Requirement:
Reproduce all entries below verbatim. Skip the pictures.

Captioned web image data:
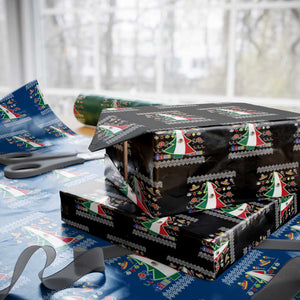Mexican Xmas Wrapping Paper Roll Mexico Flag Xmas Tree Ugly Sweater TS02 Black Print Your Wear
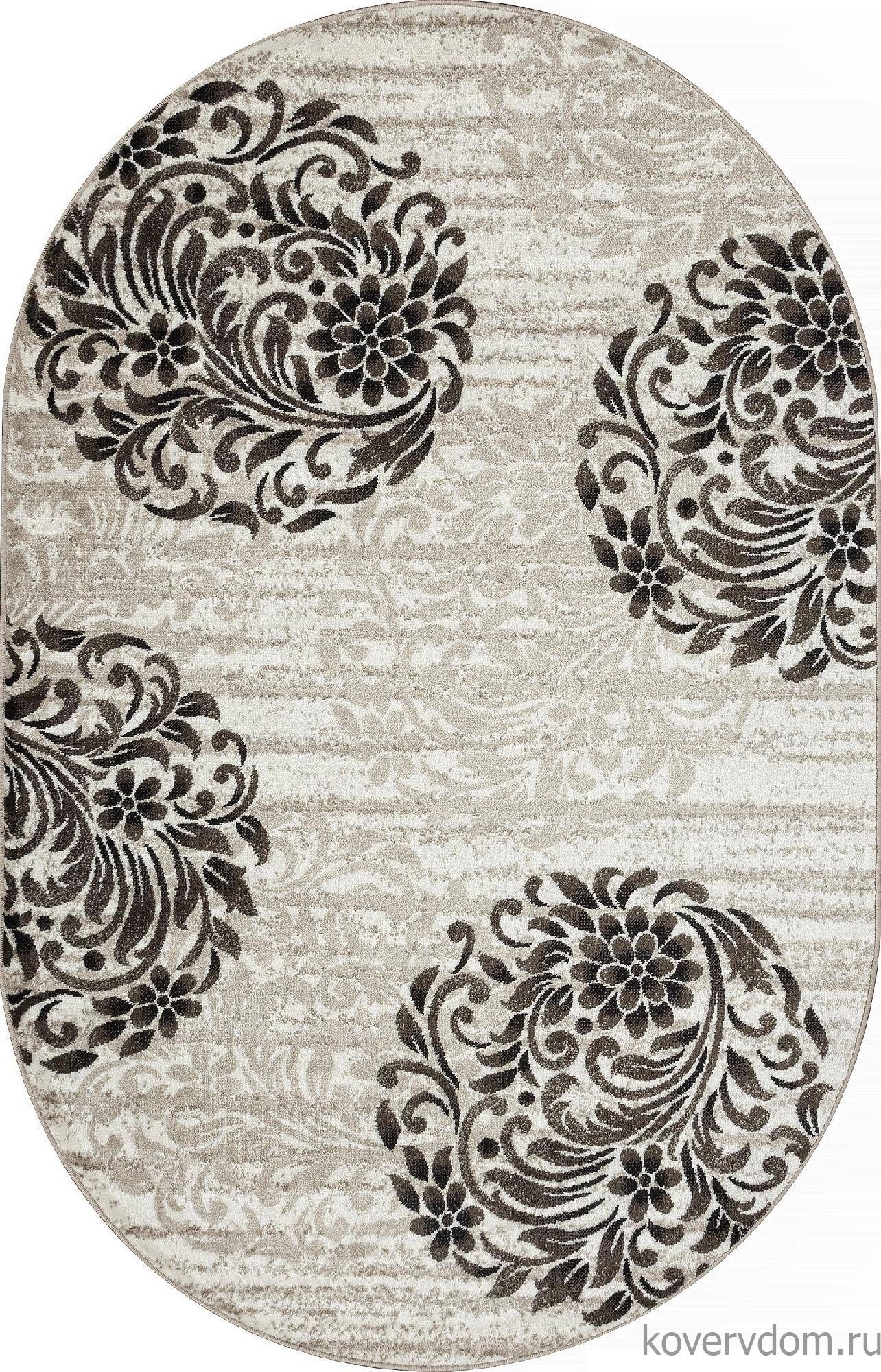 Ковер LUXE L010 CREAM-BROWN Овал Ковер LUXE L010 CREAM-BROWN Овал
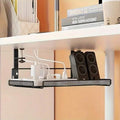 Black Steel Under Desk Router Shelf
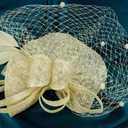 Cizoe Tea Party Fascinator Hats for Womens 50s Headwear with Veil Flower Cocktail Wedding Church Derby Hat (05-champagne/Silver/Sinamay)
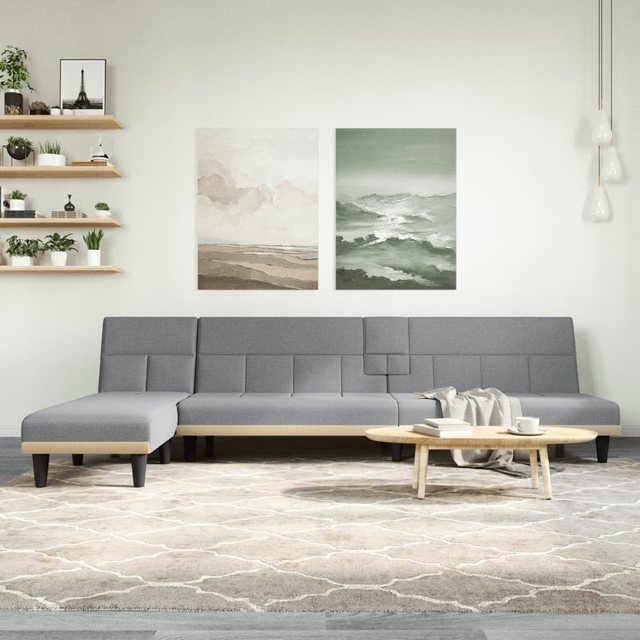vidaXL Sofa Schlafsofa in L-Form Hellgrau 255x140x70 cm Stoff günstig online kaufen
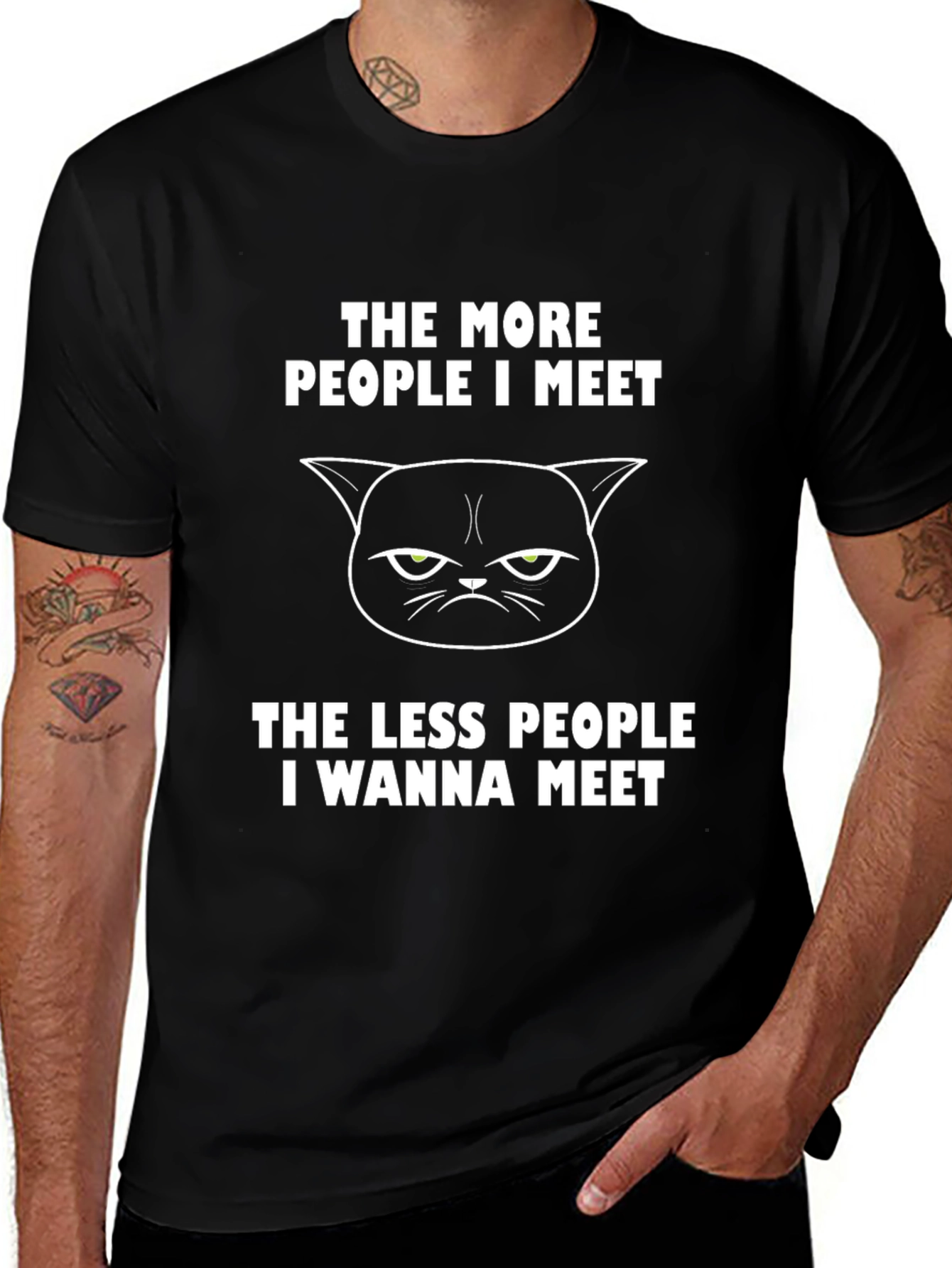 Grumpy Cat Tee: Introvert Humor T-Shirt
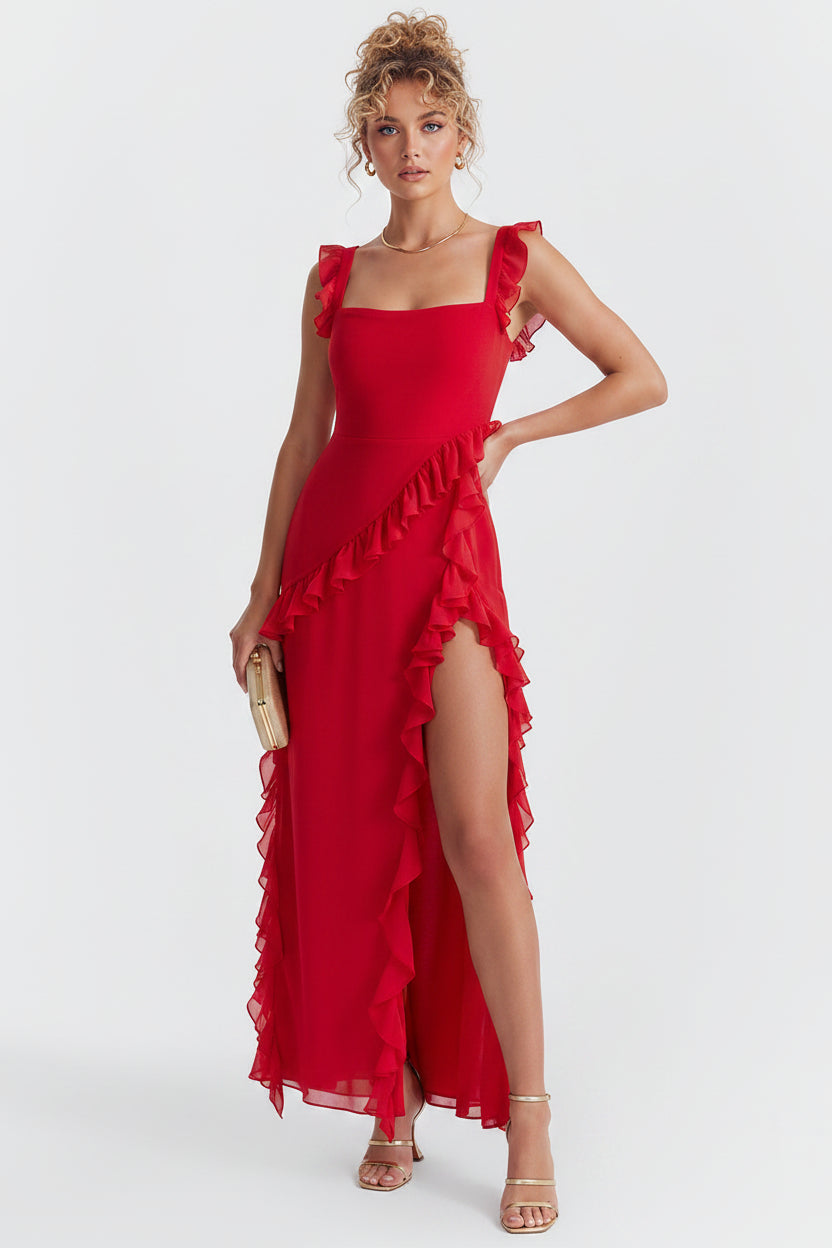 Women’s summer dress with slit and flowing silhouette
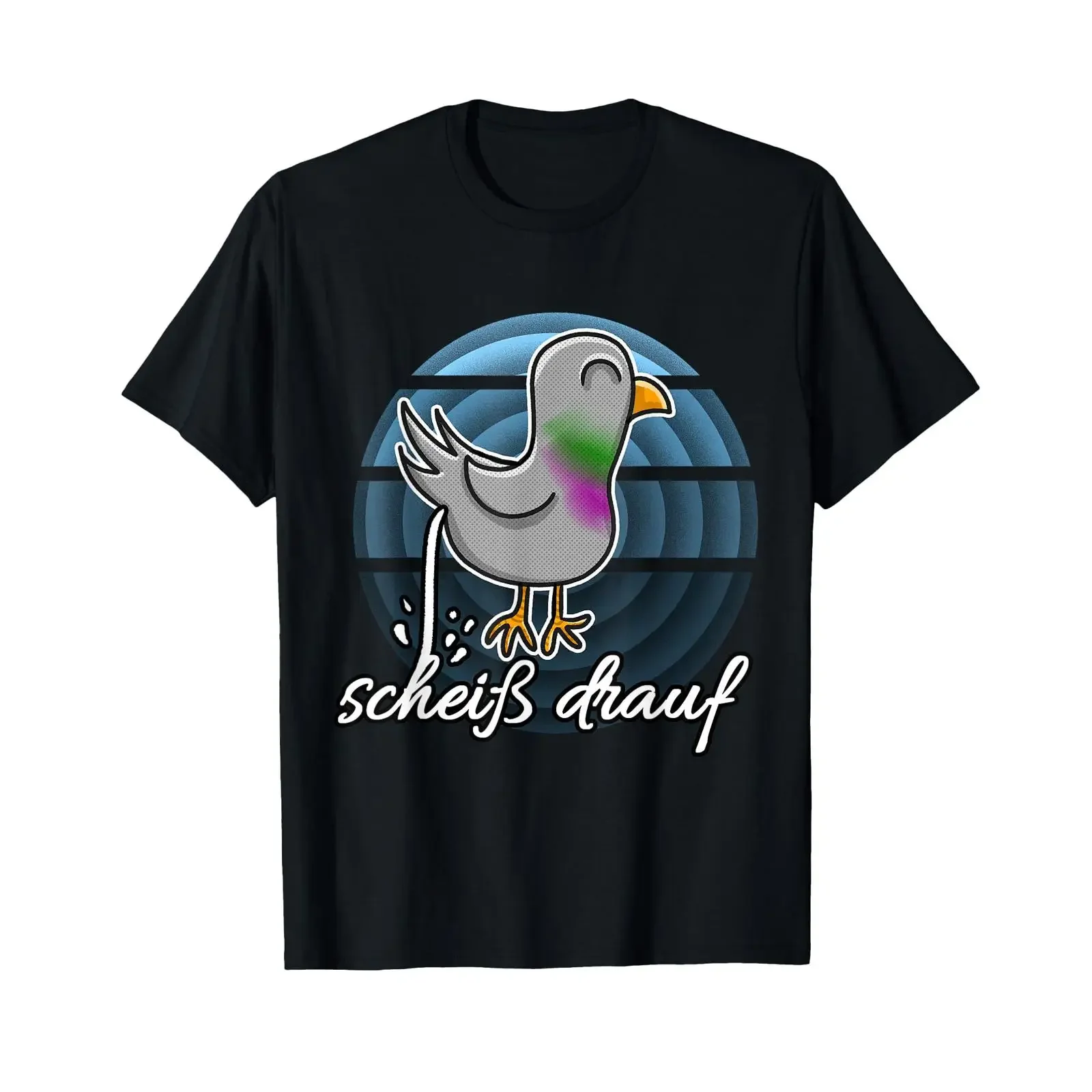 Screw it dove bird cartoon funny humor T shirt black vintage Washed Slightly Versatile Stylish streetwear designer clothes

Result of the exercise:
Mexican Xmas Wrapping Paper Roll Mexico Flag Xmas Tree Ugly Sweater TS02 Black Print Your Wear
 Ковер LUXE L010 CREAM-BROWN Овал Ковер LUXE L010 CREAM-BROWN Овал
 Black Steel Under Desk Router Shelf
 Cizoe Tea Party Fascinator Hats for Womens 50s Headwear with Veil Flower Cocktail Wedding Church Derby Hat (05-champagne/Silver/Sinamay)
vidaXL Sofa Schlafsofa in L-Form Hellgrau 255x140x70 cm Stoff günstig online kaufen
 Grumpy Cat Tee: Introvert Humor T-Shirt
 Women’s summer dress with slit and flowing silhouette
 Screw it dove bird cartoon funny humor T shirt black vintage Washed Slightly Versatile Stylish streetwear designer clothes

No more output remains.